Après l'échec de NoviaServ, co-entreprise SNCF/IBM, l'entreprise américaine est de retour chez l'opérateur ferroviaire historique. Les dégâts annoncés sont importants pour l'emploi des informaticiens mais aussi pour la gouvernance de l'informatique de la SNCF. C'est en effet toute l'exploitation des logiciels métiers qui partirait en near-shore dans des filiales d'IBM et, dans une moindre mesure, de Sopra.

L'affaire a tout d'abord été révélée par nos confrères du Parisien et ensuite reprise par la majorité de la presse française. Contactée par la rédaction de CIO, la SNCF n'a pas souhaité s'exprimer. L'ancien DSIT groupe, Gilles Albertus, a été discrètement remplacé au printemps 2012 par François Vanheeckhoet, qui n'était pas non plus joignable.

« Je suis cette affaire depuis trois ans » soupire Hervé Giudici, secrétaire national de l'Union Fédérale Cadres et Maîtrises de la CGT Cheminots. Ce qui était une rumeur depuis tout ce temps est confirmé par le syndicaliste : « même certains dirigeants de la SNCF ne se cachent plus que la création de Noviaserv et, aujourd'hui, ce contrat d'externalisation, constituent une compensation dans le cadre du rachat en 2009 de la logistique interne d'IBM par Geodis, filiale à 100 % de la SNCF ».

Un échec ruineux de 150 millions d'euros

La SNCF n'a jamais accepté de communiquer autour du dossier Noviaserv et surtout de son échec, sauf pour indiquer la naissance et la mort de l'accord avec IBM.
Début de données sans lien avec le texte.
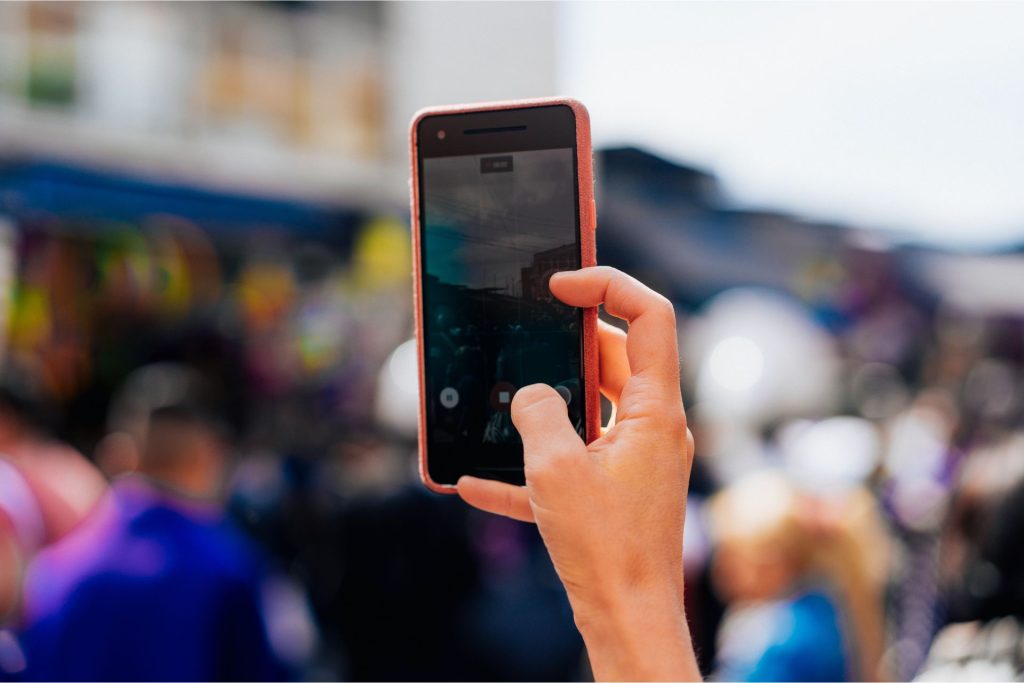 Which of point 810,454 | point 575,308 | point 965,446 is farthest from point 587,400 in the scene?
point 965,446

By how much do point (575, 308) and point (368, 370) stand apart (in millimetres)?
7415

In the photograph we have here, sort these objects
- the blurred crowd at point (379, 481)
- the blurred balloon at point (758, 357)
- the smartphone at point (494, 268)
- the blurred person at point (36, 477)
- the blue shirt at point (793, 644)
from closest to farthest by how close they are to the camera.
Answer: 1. the smartphone at point (494, 268)
2. the blue shirt at point (793, 644)
3. the blurred crowd at point (379, 481)
4. the blurred person at point (36, 477)
5. the blurred balloon at point (758, 357)

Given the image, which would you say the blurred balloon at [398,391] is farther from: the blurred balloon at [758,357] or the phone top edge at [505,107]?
the phone top edge at [505,107]

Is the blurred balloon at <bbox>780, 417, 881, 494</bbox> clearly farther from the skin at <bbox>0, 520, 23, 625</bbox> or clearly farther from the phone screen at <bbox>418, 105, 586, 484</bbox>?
the skin at <bbox>0, 520, 23, 625</bbox>

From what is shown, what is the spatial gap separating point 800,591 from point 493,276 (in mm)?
2094

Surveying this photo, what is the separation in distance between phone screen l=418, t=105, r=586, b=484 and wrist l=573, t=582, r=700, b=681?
0.38 m

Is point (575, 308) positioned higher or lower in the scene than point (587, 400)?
higher

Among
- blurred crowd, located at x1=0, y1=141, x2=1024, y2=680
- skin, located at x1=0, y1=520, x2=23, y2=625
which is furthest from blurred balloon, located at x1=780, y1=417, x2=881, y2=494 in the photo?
skin, located at x1=0, y1=520, x2=23, y2=625

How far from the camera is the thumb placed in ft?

Noviaserv était une filiale créée en janvier 2010 à parité entre IBM et la SNCF. Son objet était de gérer à terme la totalité des prestations infogérées concernant les systèmes d'information de la SNCF dans le cadre du projet Ulysse. Après bien des conflits, l'échec était confirmé en décembre 2011. « Lorsque nous tirions la sonnette d'alarme, la SNCF répondait que c'était de la propagande syndicale et on voit où on en est » stigmatise Hervé Giudici. Il ajoute : « même le Ministère du Budget est intervenu à l'époque pour qualifier Noviaserv d'échec cuisant. La SNCF refuse de donner des chiffres, qualifiés de confidentiels. 

Péniblement, la direction sous-entend des pertes de l'ordre de 80 millions d'euros, compensations versées à IBM pour quitter la co-entreprise incluses. Selon nous, la perte se situe plutôt autour de 150 millions d'euros. »

Le nouveau contrat fonctionnera-t-il mieux que la co-entreprise ? On peut en douter. Les prémices ne sont, en tous cas, guère réjouissantes.

Une perte d'autonomie de la SNCF

Jusqu'à présent, l'exploitation était assurée sur les sites SNCF de Lyon et Lille par des prestataires, notamment de Steria depuis 1999, avec un pilotage par une cinquantaine d'informaticiens internes de la SNCF. « Le nouveau contrat entraîne donc des pertes d'emplois surtout chez Steria » déduit Hervé Giudici. Evidemment, les informaticiens de la SNCF ne se retrouveront pas, eux, au chômage mais il y aura moins d'embauches chez l'opérateur ferroviaire, les emplois se libérant devant être occupés par les informaticiens perdant leur poste dans le cadre du contrat avec IBM. Pour l'heure, 260 emplois vont être supprimés et, à terme, près de 500.

L'exploitation des logiciels métier est donc reprise par des informaticiens tchèques et polonais de filiales d'IBM ainsi que, pour le SIRH, par une filiale espagnole de Sopra. Les informaticiens de Steria et de la SNCF forment leurs remplaçants en nearshore depuis plusieurs mois. La maîtrise insuffisante de la langue française par les nouveaux venus serait source de difficultés.

Mais, au delà de la question de l'emploi, le passage en nearshore supprime l'encadrement par des informaticiens internes de la SNCF. « Cela a des conséquences graves sur les pertes de savoir-faire, livré à IBM » dénonce Hervé Giudici.
Les syndicats de la SNCF réclament donc l'abandon de ces contrats d'externalisation et la réinternalisation de toute l'informatique. Hervé Giudici interroge : « où les jeunes informaticiens arrivant sur le marché du travail vont-ils trouver un emploi ? En Pologne ou en Tchéquie ? ».